━━ Source material ━━

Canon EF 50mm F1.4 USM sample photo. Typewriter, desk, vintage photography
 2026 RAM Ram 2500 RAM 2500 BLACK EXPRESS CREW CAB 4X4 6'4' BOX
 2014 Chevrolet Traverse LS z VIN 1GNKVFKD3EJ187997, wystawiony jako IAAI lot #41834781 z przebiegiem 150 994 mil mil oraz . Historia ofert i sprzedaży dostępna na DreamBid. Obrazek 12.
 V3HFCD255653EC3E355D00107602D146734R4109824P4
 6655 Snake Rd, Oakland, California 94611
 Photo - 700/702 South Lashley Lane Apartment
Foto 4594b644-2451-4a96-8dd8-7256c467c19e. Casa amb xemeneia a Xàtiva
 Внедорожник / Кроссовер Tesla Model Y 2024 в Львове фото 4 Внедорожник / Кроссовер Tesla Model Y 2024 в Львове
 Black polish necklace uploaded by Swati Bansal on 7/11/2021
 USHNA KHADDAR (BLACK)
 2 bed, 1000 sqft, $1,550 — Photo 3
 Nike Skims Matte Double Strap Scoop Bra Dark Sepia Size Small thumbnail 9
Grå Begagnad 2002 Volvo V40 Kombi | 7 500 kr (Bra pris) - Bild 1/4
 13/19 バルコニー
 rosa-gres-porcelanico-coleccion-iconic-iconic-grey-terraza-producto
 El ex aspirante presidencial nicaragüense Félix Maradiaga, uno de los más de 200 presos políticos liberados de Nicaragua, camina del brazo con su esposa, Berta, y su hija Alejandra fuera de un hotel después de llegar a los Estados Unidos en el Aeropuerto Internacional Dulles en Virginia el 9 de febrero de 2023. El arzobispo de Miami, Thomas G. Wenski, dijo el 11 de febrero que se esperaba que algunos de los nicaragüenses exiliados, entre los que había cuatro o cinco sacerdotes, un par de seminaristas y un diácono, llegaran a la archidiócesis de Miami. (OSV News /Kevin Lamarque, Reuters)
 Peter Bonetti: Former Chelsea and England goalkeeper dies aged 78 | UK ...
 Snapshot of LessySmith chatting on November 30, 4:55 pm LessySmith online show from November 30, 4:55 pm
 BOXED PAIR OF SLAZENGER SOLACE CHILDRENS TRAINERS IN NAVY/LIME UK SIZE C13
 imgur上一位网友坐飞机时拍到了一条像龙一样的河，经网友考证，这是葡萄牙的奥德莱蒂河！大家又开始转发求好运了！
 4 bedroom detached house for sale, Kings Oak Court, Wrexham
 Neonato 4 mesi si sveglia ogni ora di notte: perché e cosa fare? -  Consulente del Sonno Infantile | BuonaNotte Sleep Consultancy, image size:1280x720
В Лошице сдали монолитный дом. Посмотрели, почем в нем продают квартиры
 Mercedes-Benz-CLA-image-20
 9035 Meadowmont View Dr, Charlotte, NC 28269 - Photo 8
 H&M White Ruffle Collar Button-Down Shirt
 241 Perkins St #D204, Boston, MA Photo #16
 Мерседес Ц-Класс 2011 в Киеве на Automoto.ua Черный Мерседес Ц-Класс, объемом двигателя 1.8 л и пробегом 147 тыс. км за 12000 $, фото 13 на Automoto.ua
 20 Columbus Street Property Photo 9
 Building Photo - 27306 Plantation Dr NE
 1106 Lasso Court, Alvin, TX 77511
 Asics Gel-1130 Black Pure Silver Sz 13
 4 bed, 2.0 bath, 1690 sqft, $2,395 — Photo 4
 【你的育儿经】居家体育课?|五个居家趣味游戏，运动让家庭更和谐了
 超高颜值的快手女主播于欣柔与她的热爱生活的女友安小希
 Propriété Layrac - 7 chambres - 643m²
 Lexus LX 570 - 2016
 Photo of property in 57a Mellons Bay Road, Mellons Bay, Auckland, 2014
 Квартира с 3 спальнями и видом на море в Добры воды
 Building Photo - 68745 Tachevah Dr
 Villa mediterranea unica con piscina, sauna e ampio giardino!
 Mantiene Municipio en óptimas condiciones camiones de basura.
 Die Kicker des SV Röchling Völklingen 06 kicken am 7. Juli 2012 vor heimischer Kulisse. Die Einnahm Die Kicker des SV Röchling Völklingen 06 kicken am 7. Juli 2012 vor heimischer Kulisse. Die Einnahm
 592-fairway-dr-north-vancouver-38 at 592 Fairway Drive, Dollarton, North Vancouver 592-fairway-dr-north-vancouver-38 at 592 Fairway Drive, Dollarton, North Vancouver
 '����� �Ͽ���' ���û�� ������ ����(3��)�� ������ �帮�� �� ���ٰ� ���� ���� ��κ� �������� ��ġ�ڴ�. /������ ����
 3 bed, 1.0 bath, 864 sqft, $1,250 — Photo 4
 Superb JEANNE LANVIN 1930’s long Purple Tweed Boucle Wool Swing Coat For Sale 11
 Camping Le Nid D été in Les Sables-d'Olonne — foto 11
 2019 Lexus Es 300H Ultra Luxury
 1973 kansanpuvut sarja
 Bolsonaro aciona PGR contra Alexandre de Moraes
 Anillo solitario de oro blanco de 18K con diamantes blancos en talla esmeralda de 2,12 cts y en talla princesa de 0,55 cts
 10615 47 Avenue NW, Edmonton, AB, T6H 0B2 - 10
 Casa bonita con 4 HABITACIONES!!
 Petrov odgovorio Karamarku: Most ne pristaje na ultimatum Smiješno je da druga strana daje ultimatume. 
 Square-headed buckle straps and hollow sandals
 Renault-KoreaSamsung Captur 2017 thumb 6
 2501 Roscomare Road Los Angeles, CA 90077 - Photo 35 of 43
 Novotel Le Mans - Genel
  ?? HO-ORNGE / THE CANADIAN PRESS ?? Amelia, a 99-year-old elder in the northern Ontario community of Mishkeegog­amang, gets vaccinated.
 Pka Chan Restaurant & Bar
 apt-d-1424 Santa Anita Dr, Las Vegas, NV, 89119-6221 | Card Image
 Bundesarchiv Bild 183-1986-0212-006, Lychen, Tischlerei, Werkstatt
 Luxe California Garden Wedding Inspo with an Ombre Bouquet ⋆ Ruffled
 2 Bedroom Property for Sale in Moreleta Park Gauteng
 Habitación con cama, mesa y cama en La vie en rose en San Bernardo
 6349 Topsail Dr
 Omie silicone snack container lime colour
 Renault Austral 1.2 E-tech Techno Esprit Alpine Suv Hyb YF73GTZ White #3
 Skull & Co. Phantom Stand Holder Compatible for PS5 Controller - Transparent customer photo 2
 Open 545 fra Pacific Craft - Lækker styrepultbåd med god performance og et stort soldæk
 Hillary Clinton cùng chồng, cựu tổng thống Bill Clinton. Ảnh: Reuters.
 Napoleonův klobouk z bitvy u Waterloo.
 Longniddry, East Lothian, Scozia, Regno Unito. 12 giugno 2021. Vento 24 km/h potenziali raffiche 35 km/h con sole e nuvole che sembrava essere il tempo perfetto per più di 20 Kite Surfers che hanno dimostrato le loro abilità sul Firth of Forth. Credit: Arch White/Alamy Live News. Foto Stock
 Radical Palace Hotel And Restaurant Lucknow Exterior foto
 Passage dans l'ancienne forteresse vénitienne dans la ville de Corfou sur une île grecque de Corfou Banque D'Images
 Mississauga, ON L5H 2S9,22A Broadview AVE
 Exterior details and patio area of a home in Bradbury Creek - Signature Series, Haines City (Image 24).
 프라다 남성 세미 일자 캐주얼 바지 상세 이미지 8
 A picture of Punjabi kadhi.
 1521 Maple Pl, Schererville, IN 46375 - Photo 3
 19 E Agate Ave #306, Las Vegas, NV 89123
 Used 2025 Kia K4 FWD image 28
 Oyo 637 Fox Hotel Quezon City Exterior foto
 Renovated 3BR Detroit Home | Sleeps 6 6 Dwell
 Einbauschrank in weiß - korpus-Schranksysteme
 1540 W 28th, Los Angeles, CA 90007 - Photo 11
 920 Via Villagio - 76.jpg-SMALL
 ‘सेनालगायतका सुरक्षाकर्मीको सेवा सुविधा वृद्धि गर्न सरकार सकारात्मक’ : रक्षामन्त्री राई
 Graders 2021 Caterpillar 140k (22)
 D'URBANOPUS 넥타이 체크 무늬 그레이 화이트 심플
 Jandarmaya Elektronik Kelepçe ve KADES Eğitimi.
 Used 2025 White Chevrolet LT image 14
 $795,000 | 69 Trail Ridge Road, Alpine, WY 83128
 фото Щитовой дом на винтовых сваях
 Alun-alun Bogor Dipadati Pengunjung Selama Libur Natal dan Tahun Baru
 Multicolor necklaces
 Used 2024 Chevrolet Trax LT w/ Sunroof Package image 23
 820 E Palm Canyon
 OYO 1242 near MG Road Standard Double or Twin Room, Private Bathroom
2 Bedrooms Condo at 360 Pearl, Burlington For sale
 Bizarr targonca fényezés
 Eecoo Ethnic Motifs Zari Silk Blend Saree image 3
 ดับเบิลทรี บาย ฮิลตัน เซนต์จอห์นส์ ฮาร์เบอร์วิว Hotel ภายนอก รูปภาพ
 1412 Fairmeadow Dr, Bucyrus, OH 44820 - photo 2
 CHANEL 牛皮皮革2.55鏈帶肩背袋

━━━

# To do:
The lines you need are those containing "White"; find them in the records and copy them.

# Exercise result:
 H&M White Ruffle Collar Button-Down Shirt
 Renault Austral 1.2 E-tech Techno Esprit Alpine Suv Hyb YF73GTZ White #3
 Longniddry, East Lothian, Scozia, Regno Unito. 12 giugno 2021. Vento 24 km/h potenziali raffiche 35 km/h con sole e nuvole che sembrava essere il tempo perfetto per più di 20 Kite Surfers che hanno dimostrato le loro abilità sul Firth of Forth. Credit: Arch White/Alamy Live News. Foto Stock
 Used 2025 White Chevrolet LT image 14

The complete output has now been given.